- [Your goal]: The entries below contain pictures. Write out only the lines from the line with "ABC黄 フリースブランケット (角)" up to and including the line with "Mousseline kussensloop - pastel wijnrood", exactly, without them.

- [Given entries]:

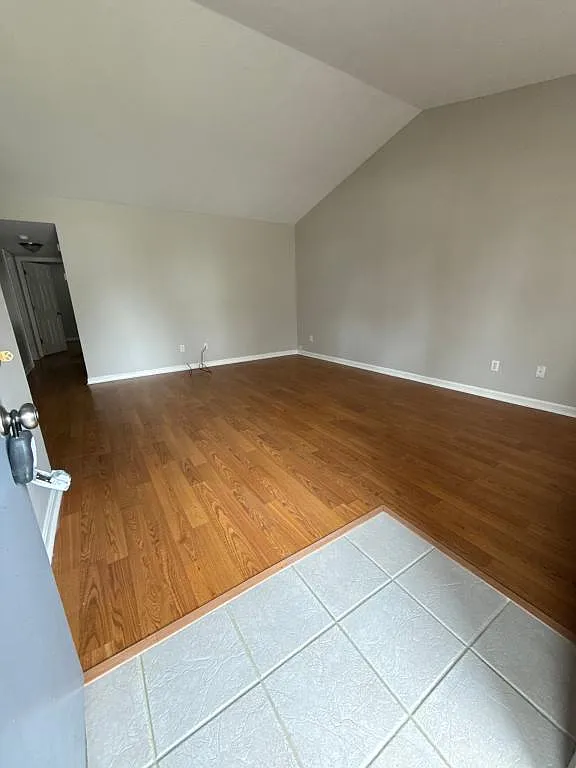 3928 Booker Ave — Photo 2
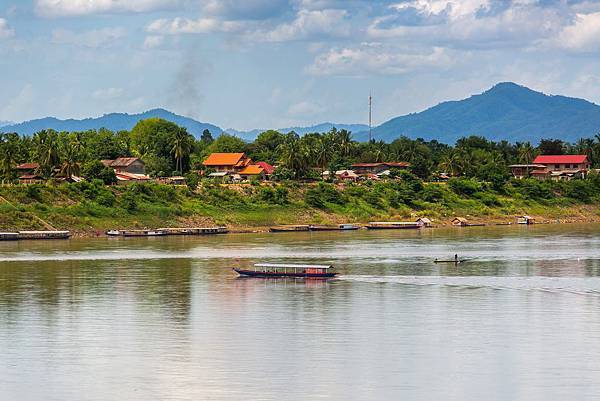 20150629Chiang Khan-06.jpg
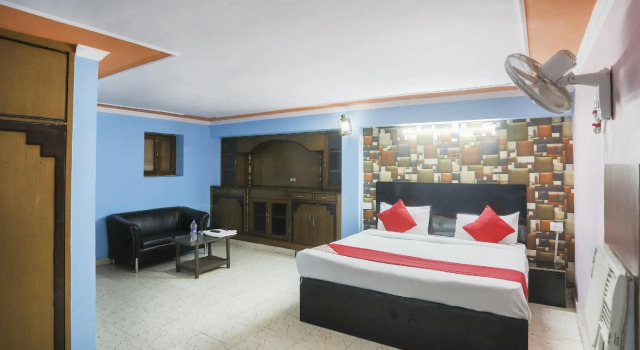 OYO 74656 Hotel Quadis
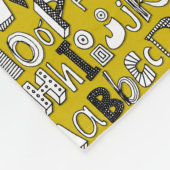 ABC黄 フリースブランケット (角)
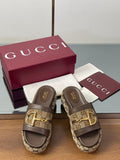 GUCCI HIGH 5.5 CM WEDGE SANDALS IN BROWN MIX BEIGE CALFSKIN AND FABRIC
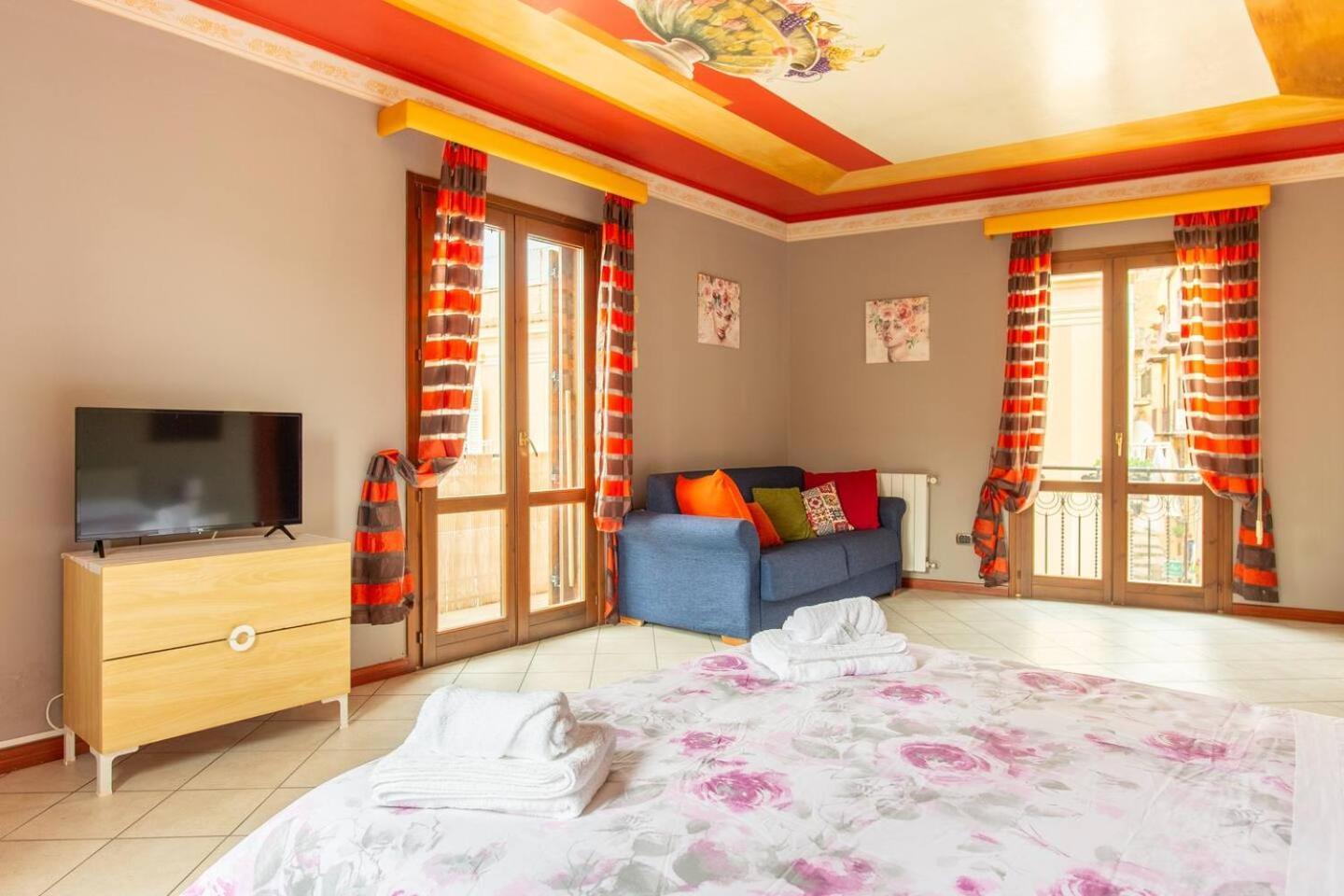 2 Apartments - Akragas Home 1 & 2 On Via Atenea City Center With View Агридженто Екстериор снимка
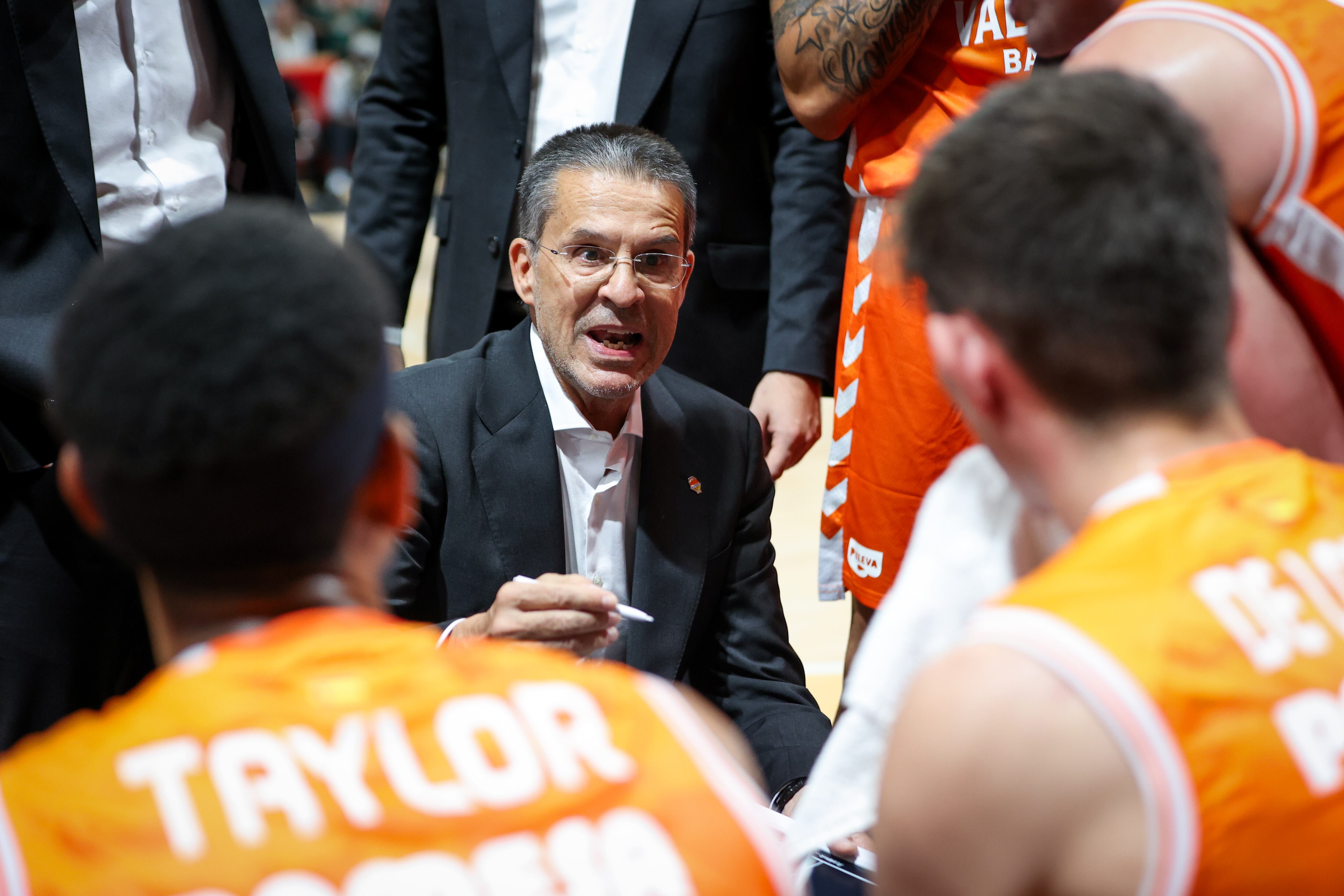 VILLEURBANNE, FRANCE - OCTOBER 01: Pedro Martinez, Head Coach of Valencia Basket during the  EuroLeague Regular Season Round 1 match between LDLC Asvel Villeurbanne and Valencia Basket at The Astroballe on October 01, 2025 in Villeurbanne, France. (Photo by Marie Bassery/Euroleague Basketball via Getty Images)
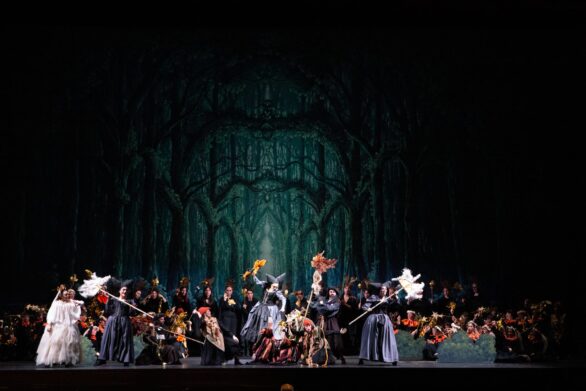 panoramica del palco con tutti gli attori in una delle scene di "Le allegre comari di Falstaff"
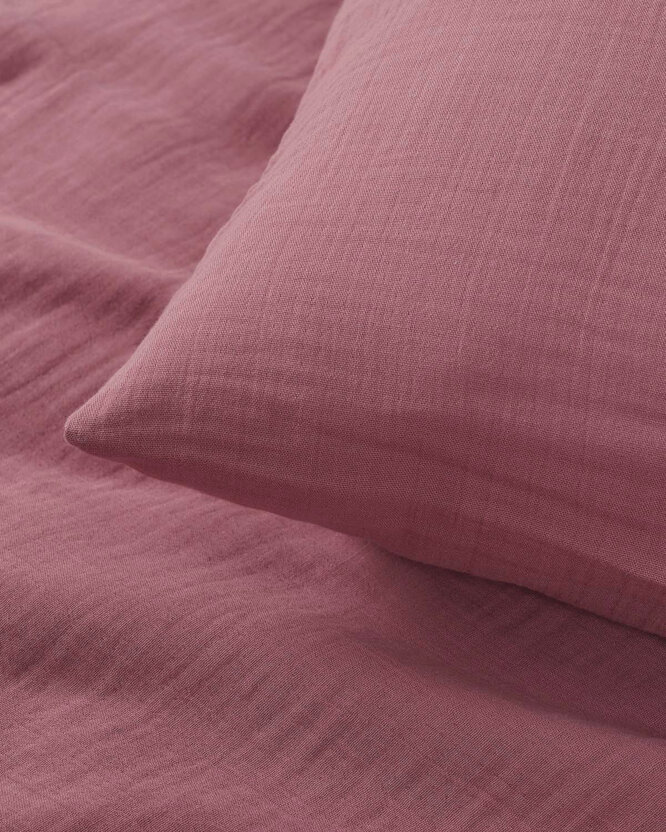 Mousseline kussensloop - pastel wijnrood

* * *

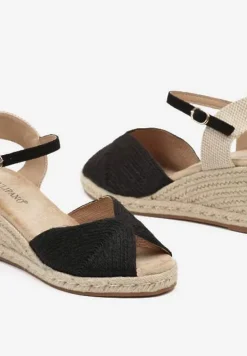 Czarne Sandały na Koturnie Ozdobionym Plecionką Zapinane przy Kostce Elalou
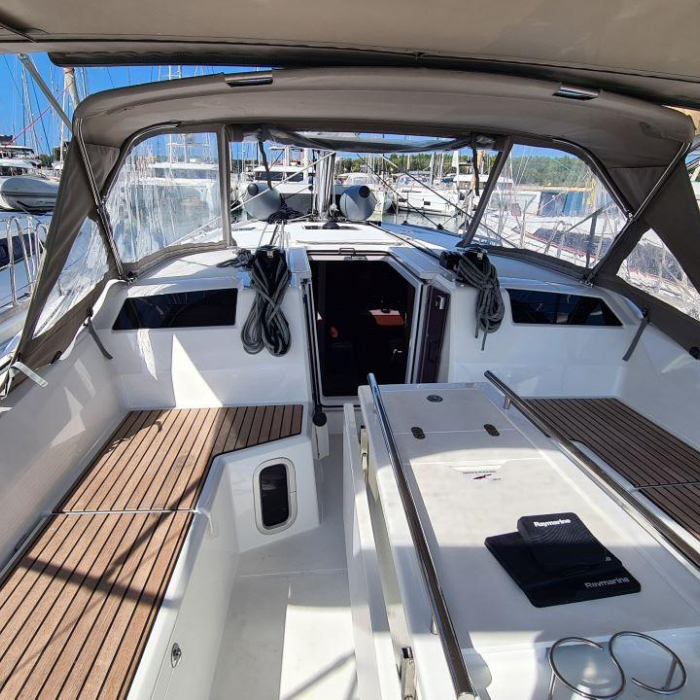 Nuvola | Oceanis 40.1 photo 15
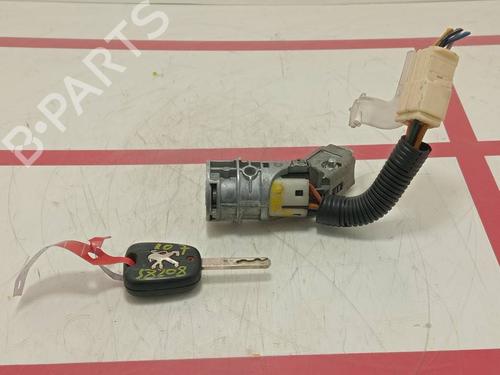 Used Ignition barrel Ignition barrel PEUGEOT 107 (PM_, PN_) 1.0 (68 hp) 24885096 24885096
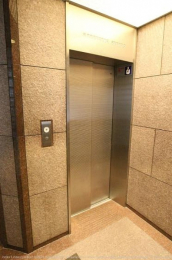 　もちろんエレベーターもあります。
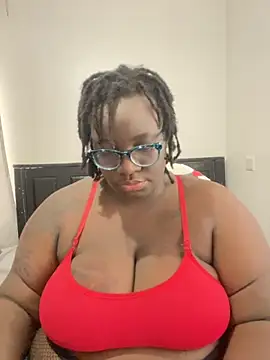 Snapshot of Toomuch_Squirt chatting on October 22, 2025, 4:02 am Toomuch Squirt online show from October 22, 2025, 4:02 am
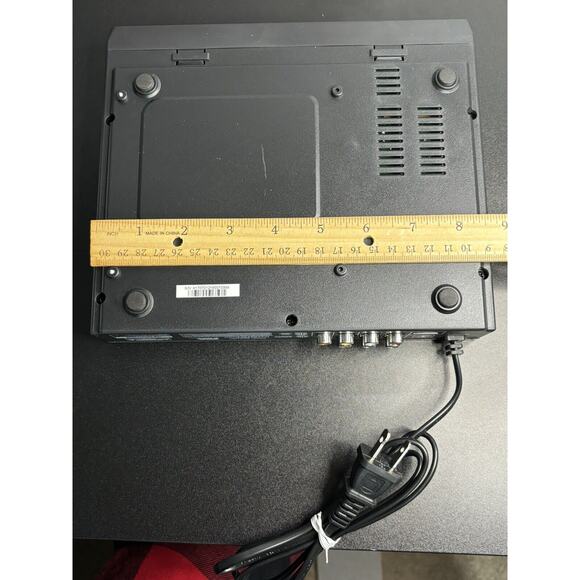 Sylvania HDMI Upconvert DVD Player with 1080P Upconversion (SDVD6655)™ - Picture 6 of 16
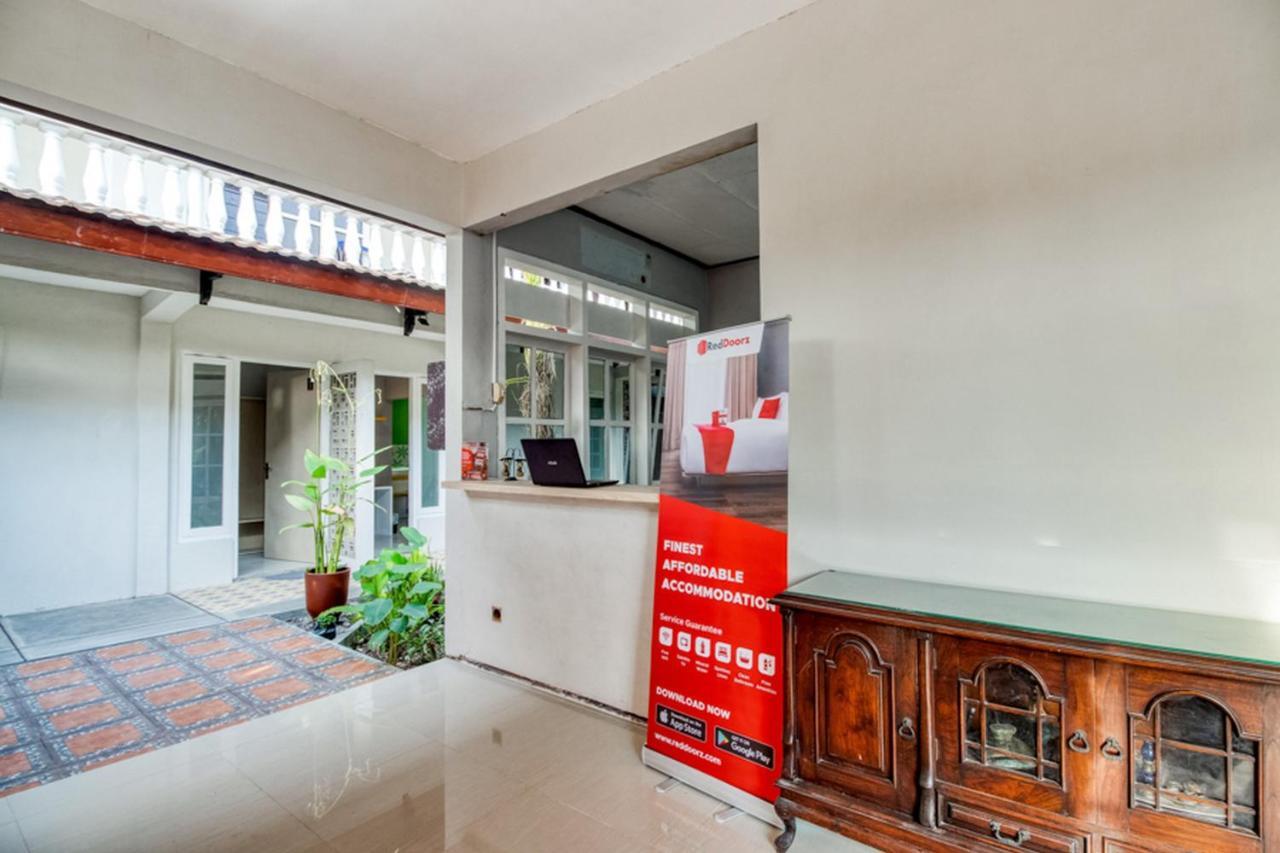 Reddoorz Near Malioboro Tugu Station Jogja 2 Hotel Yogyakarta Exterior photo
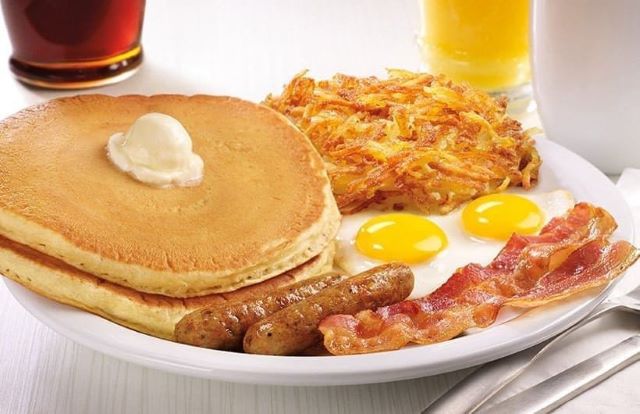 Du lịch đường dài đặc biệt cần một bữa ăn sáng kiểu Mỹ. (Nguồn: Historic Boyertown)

==

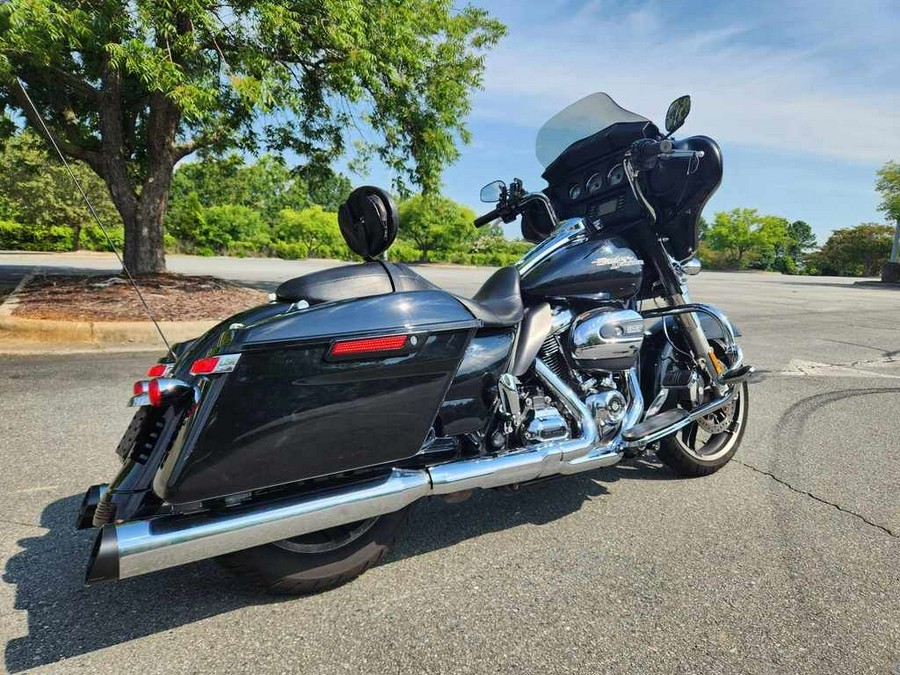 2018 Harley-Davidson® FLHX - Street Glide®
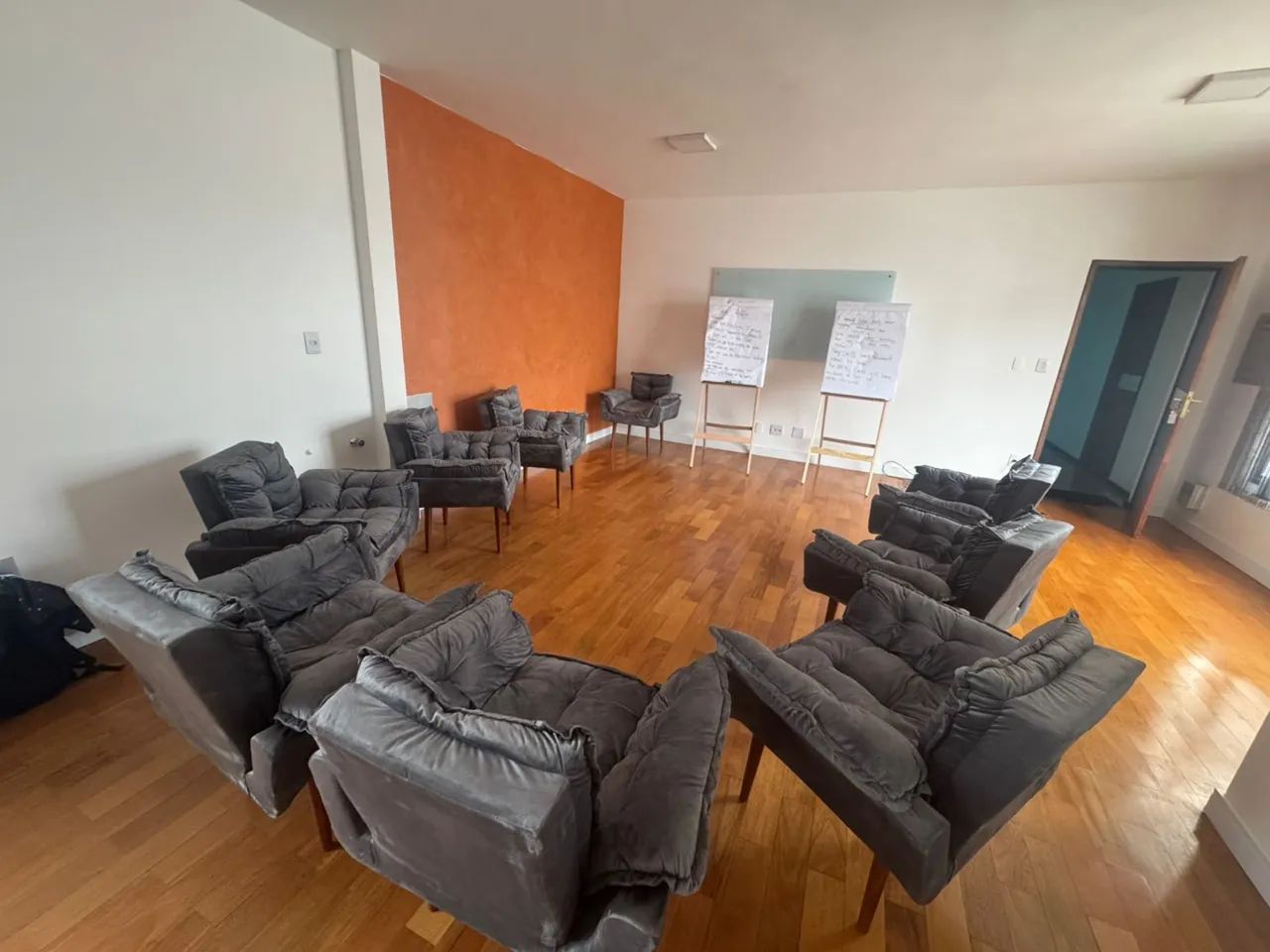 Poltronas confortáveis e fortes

- [Your solution]:
 ABC黄 フリースブランケット (角)
 GUCCI HIGH 5.5 CM WEDGE SANDALS IN BROWN MIX BEIGE CALFSKIN AND FABRIC
 2 Apartments - Akragas Home 1 & 2 On Via Atenea City Center With View Агридженто Екстериор снимка
 VILLEURBANNE, FRANCE - OCTOBER 01: Pedro Martinez, Head Coach of Valencia Basket during the  EuroLeague Regular Season Round 1 match between LDLC Asvel Villeurbanne and Valencia Basket at The Astroballe on October 01, 2025 in Villeurbanne, France. (Photo by Marie Bassery/Euroleague Basketball via Getty Images)
 panoramica del palco con tutti gli attori in una delle scene di "Le allegre comari di Falstaff"
 Mousseline kussensloop - pastel wijnrood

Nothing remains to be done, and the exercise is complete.